Lucca, 1 november 2015

Geachte Dante Alighieri,

Nog van harte gefeliciteerd met uw 750ste verjaardag. Uw verjaardag viel rond juni, net als de mijne – we zijn beiden Tweelingen – maar was geruisloos aan me voorbijgegaan. Om het goed te maken schrijf ik dit korte briefje aan u op Allerheiligen. U bent weliswaar geen heilige, maar het lijkt er wel op, in Italië althans. In elke Italiaanse stad is minstens een piazza of via Dante te vinden, en meestal ook nog een standbeeld. Uw naam prijkt zelfs op een olijfolie.
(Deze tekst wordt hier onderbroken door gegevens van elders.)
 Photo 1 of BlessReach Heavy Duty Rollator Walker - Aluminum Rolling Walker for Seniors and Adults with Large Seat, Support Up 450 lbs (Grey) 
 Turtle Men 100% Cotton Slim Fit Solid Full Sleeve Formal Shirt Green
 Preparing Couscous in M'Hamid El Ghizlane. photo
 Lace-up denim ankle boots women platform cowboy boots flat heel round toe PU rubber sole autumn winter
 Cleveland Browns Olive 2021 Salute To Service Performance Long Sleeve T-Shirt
Hoewel ik geen kenner ben, smaakt die olijfolie volgens mij niet veel beter dan pakweg Bertolli, maar daar kunt u vermoedelijk smakelijk om lachen.

Misschien heb ik iets gemist, maar in de Nederlandse kranten was er geen aandacht voor uw verjaardag, in elk geval niet in de boekenbijlagen, en als u niet in de Nederlandse boekenbijlagen bent beland, dan vrees ik in de andere bijlagen ook niet.
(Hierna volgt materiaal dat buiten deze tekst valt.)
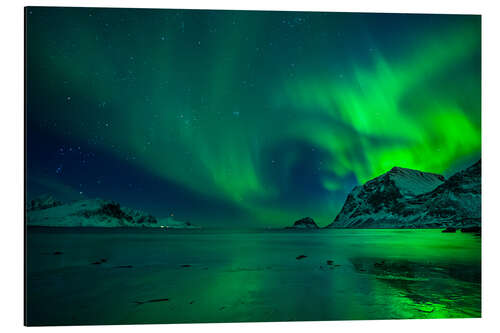 Cuadro de aluminio Aurora boreal en la playa de Haukland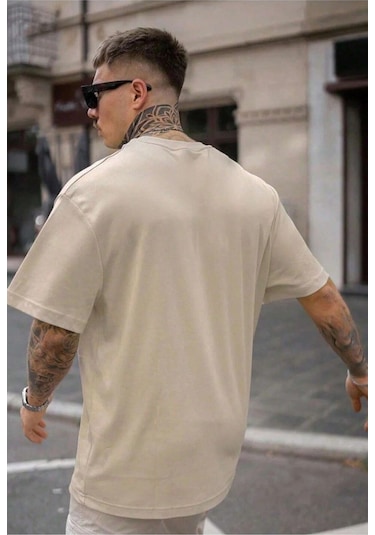 Hırsch Unisex Bej California Baskılı Oversize T-shirt Bej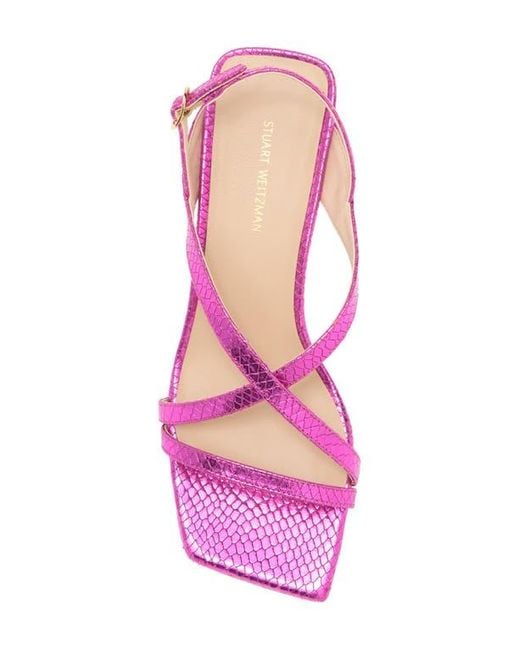 Stuart Weitzman Pink Oasis 50 Kitten Heel Slingback Sandal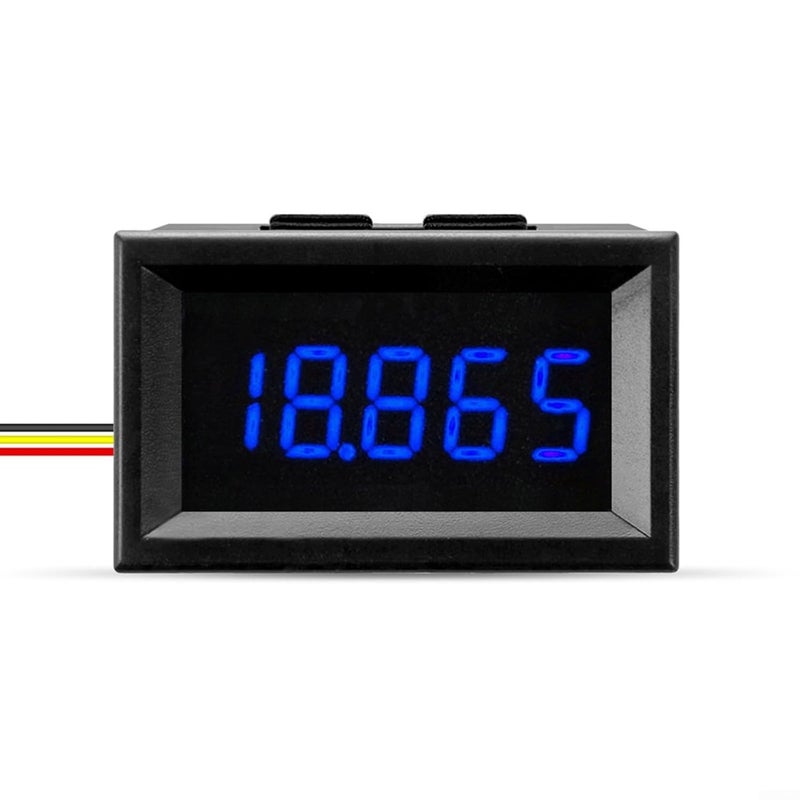 فولتميتر رقمي أحمر DC 0-33V شاشة LED بخمسة أرقام لقياس الجهد إلكترونيات السيارات والهواة - Image 2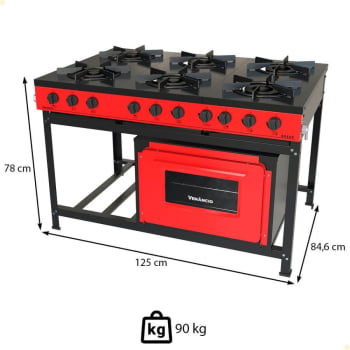 Fogão Industrial Venâncio a Gás Bravo 6 Bocas com Forno Vermelho BR6BFVM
De Italiaanse kranten lees ik sporadisch, alle kranten lees ik eigenlijk sporadisch. Het is me allemaal te ijdel, ik lees liever een goed boek. Slechts zelden lees je iets in de krant wat de moeite waard is, in existentiële zin. Bij kranten moet ik vaak denken aan het liedje ‘Panic’ van The Smiths: ‘Because the music they constantly play, it says nothing to me about my life.’
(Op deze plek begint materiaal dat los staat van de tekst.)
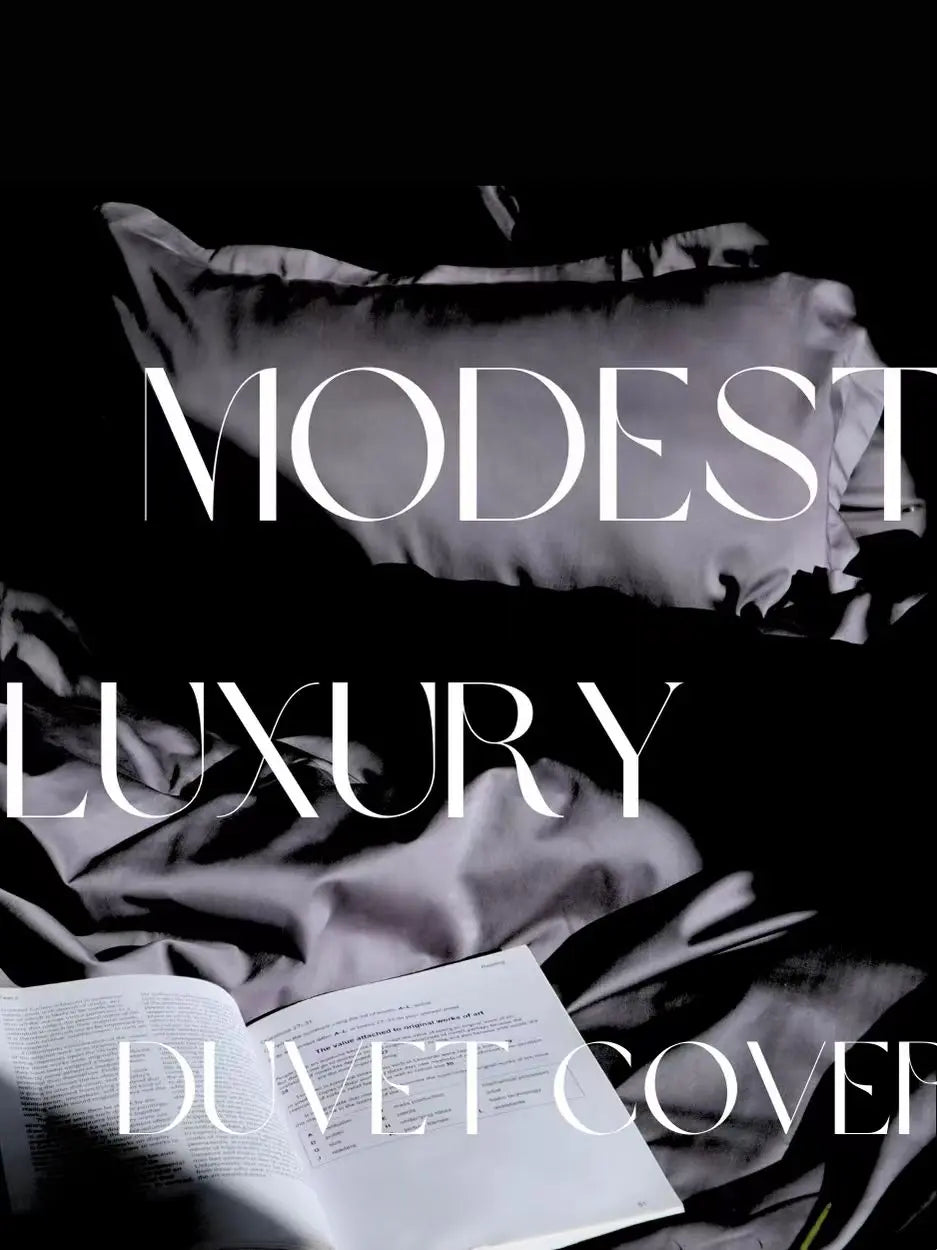 Luxury-Sateen Grey | 300 Thread Count Pure Cotton Sateen Duvet Cover Set - Double (One Pillowcase) UKRABBIT ESSENTIAL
Buiten de kranten om, ook in Nederland, is uw 750ste níet geruisloos voorbijgegaan. Er waren door Dante-kringen in het hele land activiteiten georganiseerd en er verscheen een Dwarsligger van de Divina Commedia.

Vergeef me, maar met de Divina Commedia had ik tot op heden weinig. Ik was er ooit eens aan begonnen, maar toen sprak het niet tot me. Het bekende verhaal dacht ik, hel, loutering, paradijs, duivel en God, dood en opstanding, maar onlangs stond ik voor mijn boekenkast en pakte het eruit, begon te lezen en het greep me onmiddellijk.

Voor alles is een tijd kennelijk. Steeds meer raak ik overtuigd van het feit dat boeken mensen uitkiezen in plaats van andersom. Toeval dus, in de letterlijke zin van het woord.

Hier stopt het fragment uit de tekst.